Instructions for the task ▸ Every line below that holds "Wood" must be copied.

Dataset entries ▸
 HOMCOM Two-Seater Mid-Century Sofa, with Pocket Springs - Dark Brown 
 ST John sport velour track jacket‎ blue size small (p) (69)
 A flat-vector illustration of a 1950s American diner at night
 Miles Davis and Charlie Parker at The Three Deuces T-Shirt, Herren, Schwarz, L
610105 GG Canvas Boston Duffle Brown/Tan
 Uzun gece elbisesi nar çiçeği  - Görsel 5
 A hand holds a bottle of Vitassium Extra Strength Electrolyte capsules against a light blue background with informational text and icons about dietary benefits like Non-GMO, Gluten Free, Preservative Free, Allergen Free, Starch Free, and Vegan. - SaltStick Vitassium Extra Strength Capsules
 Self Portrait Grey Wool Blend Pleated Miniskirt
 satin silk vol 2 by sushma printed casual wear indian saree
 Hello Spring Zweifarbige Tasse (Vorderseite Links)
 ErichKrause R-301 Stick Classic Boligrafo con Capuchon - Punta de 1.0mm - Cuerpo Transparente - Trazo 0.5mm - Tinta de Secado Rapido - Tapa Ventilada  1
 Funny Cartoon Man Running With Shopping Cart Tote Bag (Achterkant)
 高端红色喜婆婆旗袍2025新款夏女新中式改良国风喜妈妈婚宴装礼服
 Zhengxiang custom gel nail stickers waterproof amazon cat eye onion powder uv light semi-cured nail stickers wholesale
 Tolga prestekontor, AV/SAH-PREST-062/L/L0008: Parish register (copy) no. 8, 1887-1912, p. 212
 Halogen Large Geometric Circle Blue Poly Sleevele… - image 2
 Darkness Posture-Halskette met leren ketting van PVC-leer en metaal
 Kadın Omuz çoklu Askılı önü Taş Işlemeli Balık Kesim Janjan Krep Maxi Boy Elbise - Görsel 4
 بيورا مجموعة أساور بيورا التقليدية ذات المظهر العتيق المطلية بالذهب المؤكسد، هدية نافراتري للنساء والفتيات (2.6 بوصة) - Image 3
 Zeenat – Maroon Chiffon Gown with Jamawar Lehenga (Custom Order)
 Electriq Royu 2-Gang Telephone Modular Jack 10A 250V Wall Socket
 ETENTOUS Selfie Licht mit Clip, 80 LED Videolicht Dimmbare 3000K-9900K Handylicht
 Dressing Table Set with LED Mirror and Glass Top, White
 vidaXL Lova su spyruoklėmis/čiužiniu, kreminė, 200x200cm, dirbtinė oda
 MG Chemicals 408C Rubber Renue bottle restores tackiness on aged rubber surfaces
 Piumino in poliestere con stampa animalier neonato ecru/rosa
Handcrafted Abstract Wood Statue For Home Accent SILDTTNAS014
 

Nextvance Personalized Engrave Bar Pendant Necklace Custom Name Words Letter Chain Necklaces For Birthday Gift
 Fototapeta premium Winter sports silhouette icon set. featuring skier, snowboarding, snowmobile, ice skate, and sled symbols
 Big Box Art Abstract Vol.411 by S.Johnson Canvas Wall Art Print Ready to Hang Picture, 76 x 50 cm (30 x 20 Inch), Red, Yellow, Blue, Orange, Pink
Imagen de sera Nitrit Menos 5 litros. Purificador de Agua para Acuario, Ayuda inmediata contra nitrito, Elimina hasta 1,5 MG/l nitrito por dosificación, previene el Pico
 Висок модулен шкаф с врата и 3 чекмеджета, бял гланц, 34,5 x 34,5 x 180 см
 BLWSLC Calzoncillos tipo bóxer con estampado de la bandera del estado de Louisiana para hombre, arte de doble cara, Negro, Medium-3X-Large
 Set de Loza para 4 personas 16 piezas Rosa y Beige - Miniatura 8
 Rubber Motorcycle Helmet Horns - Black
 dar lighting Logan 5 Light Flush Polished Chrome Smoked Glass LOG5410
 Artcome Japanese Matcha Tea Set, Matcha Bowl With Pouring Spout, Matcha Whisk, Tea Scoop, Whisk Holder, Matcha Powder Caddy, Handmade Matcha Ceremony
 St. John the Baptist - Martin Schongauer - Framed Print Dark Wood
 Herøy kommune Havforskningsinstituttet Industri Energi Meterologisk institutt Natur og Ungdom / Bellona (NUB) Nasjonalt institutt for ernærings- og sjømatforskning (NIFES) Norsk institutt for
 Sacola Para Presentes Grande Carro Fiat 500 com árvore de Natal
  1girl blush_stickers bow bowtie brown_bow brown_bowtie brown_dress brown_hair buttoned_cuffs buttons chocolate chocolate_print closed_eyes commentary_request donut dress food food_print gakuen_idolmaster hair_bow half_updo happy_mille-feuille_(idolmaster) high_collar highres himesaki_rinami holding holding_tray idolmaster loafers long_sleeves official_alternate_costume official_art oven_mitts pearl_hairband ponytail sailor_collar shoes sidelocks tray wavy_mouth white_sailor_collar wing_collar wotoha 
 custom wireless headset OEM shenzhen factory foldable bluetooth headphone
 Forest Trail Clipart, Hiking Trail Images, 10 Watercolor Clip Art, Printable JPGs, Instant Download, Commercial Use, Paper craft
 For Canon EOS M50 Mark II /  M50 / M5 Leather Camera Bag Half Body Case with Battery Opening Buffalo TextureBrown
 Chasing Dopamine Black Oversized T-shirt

Answer section ▸
Handcrafted Abstract Wood Statue For Home Accent SILDTTNAS014
 St. John the Baptist - Martin Schongauer - Framed Print Dark Wood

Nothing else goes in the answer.